EFFECT OF SPRING SPLIT IN THE PRESENCE OF UPWARD JACKING
Mark, I was going to ask you a question about Panhard bar rake, but found you did a piece on it back in August 2006 in your newsletter. I have copied the text below, but what I am wondering is what the change in tire loadings are from the jacking force? I see you mention it’s not significant? Also regarding spring split your say if the RR spring is stiffer than the left and you have the Panhard bar sloped down to the frame attachment that the LR will gain load and diagonal cross weight percent. This confuses me because I would think the stiffer spring would carry more of the load than the softer one. Can you explain the further?
Here’s the 2006 text:
“In a NASCAR oval track chassis, a Panhard bar that slopes down from its attachment on the left axle tube to its frame attachment on the right does create a force trying to lift the rear of the car. This force is present through the entire turn, not just during entry. This force does not just load the left rear tire. It does pull down on the axle on the left, but it also lifts up on the frame on the right. Its effect is most commonly modeled as a force spreading the axle and frame apart, acting at the midpoint of the bar's span, approximately in the middle of the car.

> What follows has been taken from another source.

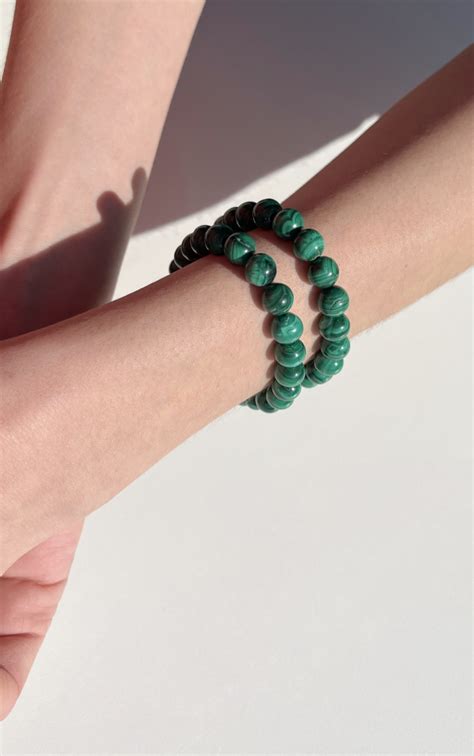 ВСЕ > Браслет из малахита купить в интернет-магазине | Beaded bracelets ...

“If the car has little or no rear spring split, a force in the middle of the car, lifting the frame away from the axle, gets the rear spoiler up in the air but does not significantly change wheel loads, except by aerodynamic effects. However, current NASCAR setups use considerably stiffer springs at the right rear than at the left rear, so there is some increase in left rear load, and diagonal percentage, because of that. If the car has a left-stiff rear spring combination, the effect reverses, and the jacking force actually increases right rear tire loading and reduces diagonal percentage.
“Again, these effects persist through the entire turn, and only go away when the rear tires cease making lateral force.”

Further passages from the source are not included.